Born in Arezzo in 1976, Marco is a visual artist and independent photographer. His education is characterized by a strong attraction toward visual arts but with a keen interest also in various disciplines.
This curiosity led him to study in several Italian and foreign institutions, including the University of Siena where he studied History, Art History and Aesthetics; the London College of Communication where he had access to a stimulating debate on photographic techniques and contemporary photography; and Goldsmiths College where he achieved a Master of Arts in Photography and Urban Cultures in the Department of Sociology, during which he was able to investigate not only the most recent social and photography theory but also widen his knowledge on urbanism, politics, bio-politics, economics, philosophy, cultural and human geography, media theory, theory of the body and affects, among other disciplines and many personal interests.

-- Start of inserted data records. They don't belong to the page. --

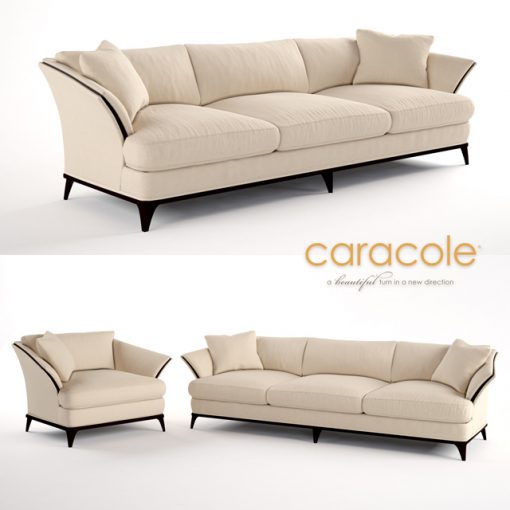 Caracole A-Simple-Life Sofa 3D Model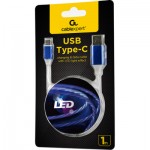 Огляд Дата кабель USB 2.0 AM to Type-C 1.0m 2A Cablexpert (CC-USB-CMLED-1M): характеристики, відгуки, ціни.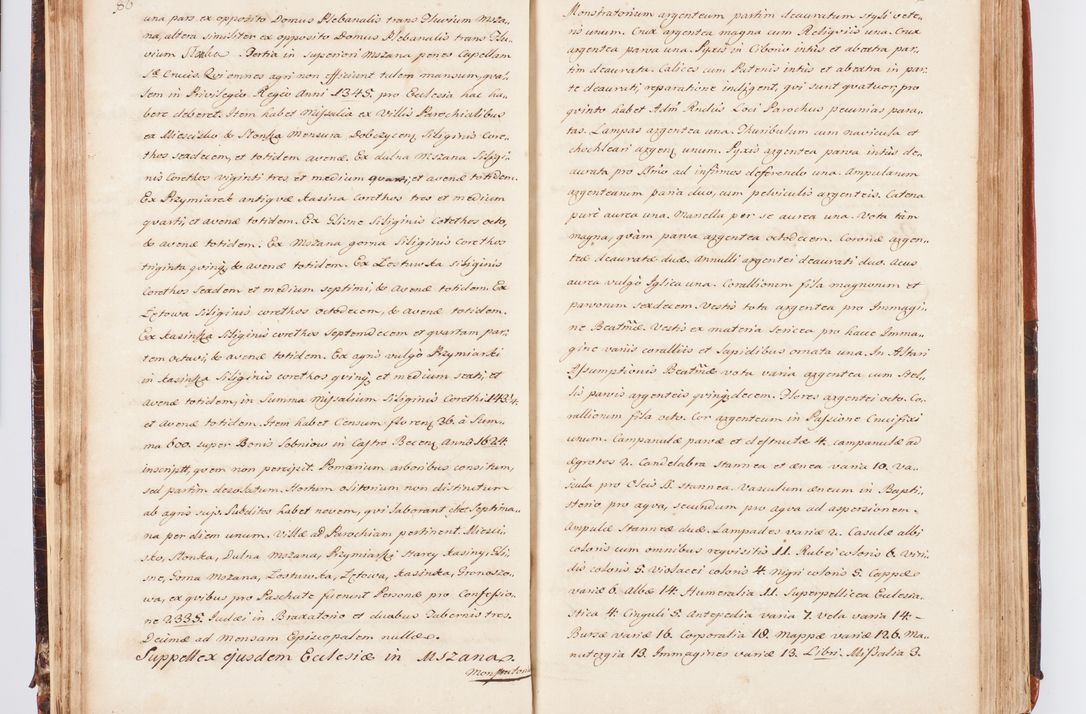 Zdjęcie nr 53 dla obiektu archiwalnego: Acta visitationis decanatuum Dobczycensis et Lipnicensis ex delegatione Cel. Principis R.D. Andrea Stanislai Kostka comitis in Załuskie Załuski, episcopi Cracoviensis ducis Severiae, per Clementem Stanislaum Kostka Herka, Phil. Doctorem et Professorem, Collegam minorem, Ecclesiae Collegiatae Boboviensis custodem, parochiae Droginensis curatum a.D. 1747 die vero 3 mensis Decembris inchoata et 1748 die 22 mensis Martii expeditae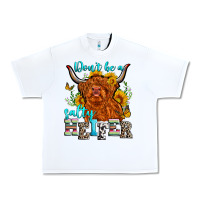 White don't be a salty heifer Urban Heavy Tee - Zillion Design Studio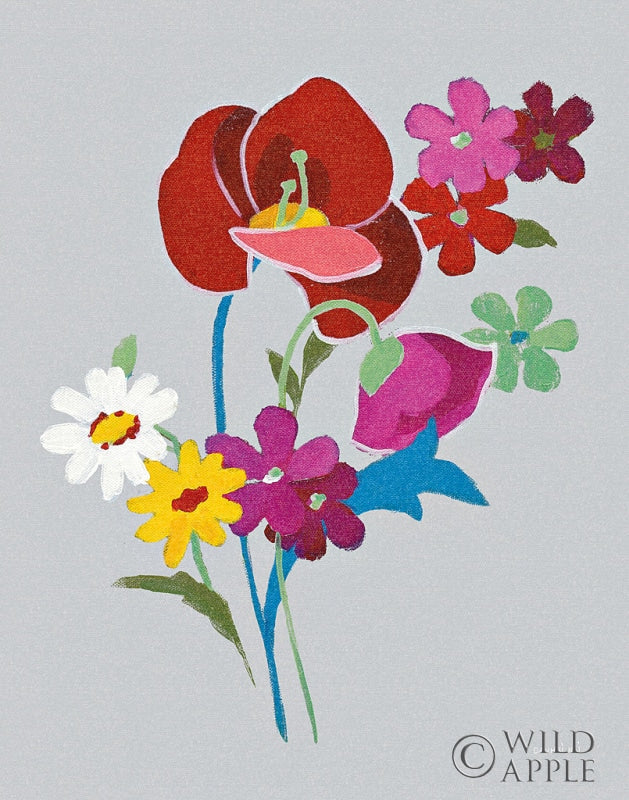Reproduction of Alpine Bouquet II Gray by Danhui Nai - Wall Decor Art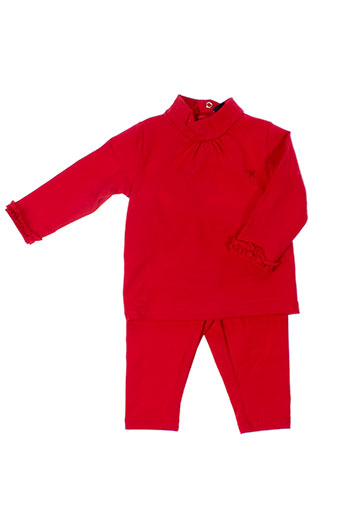 girandola ensembles fille de couleur rouge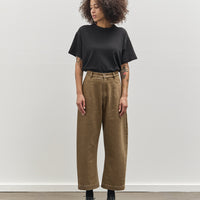 7115 Sand-Washed Curve Legged Trouser, Washed Walnut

Since 2003 he has practiced photography as a creative medium useful for the development of a mature social consciousness as well as effective means of personal growth. In recent years he has exhibited and published his works in England, Italy, France and Canada. Some of his works have been purchased by public and private collections in England and Taiwan.
His travels through Europe, the Middle East, but especially long stays in Southeast Asia and England, allowed him to investigate the various aspects of urbanism and the morphogenesis of contemporary cities.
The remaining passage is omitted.